I posed a version of this analysis to Michael Cafarella, one of the original authors of Hadoop, now a computer scientist at the University of Michigan. He conceded that "there's a certain irony that the open ideas of open source have enabled the construction of systems that can undermine openness so substantially."
But Raymie Stata, who has been closely involved with the growth of Hadoop for the last seven years, warned against "conflating 'open source software' with 'Open Society.'"
"Everyone involved with Hadoop in the early days certainly did believe that Hadoop, as a piece of open source software, would make the world a better place. I can't say, back then, that we saw Hadoop moving from cyberspace to the real world, but we did recognize that it would become foundational to building Internet applications of the future, and we wanted to contribute to advancing that agenda.

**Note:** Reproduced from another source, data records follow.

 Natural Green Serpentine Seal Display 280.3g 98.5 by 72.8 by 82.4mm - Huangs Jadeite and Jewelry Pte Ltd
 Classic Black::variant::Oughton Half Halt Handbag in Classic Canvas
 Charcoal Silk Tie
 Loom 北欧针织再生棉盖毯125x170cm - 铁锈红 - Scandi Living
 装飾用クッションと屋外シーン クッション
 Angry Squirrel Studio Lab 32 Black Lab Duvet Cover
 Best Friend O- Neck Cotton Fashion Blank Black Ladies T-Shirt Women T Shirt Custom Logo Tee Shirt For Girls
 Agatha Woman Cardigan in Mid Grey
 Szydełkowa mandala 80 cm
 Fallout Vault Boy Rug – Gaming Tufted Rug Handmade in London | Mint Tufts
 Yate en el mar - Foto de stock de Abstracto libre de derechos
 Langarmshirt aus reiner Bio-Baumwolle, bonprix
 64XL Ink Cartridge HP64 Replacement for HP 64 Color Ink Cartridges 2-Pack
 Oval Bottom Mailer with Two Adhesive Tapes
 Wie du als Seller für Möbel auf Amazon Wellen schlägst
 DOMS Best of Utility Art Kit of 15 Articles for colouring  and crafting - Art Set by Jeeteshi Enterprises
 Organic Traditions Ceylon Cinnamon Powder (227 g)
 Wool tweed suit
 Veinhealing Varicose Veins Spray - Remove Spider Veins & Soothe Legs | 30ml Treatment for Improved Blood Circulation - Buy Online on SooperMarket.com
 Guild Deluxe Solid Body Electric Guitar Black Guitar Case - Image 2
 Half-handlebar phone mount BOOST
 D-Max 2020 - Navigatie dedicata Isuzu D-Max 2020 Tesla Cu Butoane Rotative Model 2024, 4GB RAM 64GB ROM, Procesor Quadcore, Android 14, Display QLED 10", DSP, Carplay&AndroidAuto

"But individuals who find common ground in contributing to open source projects do not, as a whole, share beliefs on what constitutes the ideal 'Open Society,'" said Stata. "Is using Big Data to make inferences about people a Bad Thing at all, no matter who does it? Or is it no big deal? Or does it depend on who's doing it, and for what reason (and with what transparency)? Should we be more worried about Big Business, or Big Government?"
"I guess in some ways this incident is evidence that it's hard to encode ideals in a piece of software," said Cafarella. "The right way to do that is via legislation."
Cafarella's point is hard to dispute. Brian Behlendorf, one of the founders of the Apache Software Foundation, told me that at one juncture, contributors to the various software projects managed by Apache had argued over whether the license that determined the rules for how their code could be shared should include restrictions against organizations using that code for purposes deemed morally or ethically unacceptable by the open source software programmer community. But it was relatively quickly determined that to attempt such restrictions would open up an impossible to resolve subjective can of worms. Society at large has to figure out what limits it wants to put on the surveillance state, on what either Facebook or the NSA is allowed to do.
It's also important to acknowledge that as users of online services, we benefit in many ways from our instant-gratification, access-to-everything, always on lives. But still: When we first started to log on, did we realize what the tradeoffs would be? Did we know that we were entering the Panopticon? That we would be making it substantially easier than ever before for governments and businesses to track our behavior and monitor our every whim?
Behlendorf says we kind of did. He recalls his days, fresh out of college in 1995, working for HotWired, Wired magazine's first foray into online publishing. AT&T was running an ad on HotWired, under the theme "Imagine the Future," that pictured an arm with a "wrist-watch phone" on it.
"Someone printed it out," said Behlendorf, "put it up on the wall, and wrote in black marker over the top of the ad, 'NSA primate tracking device.'"
And guess what? We went ahead and built it.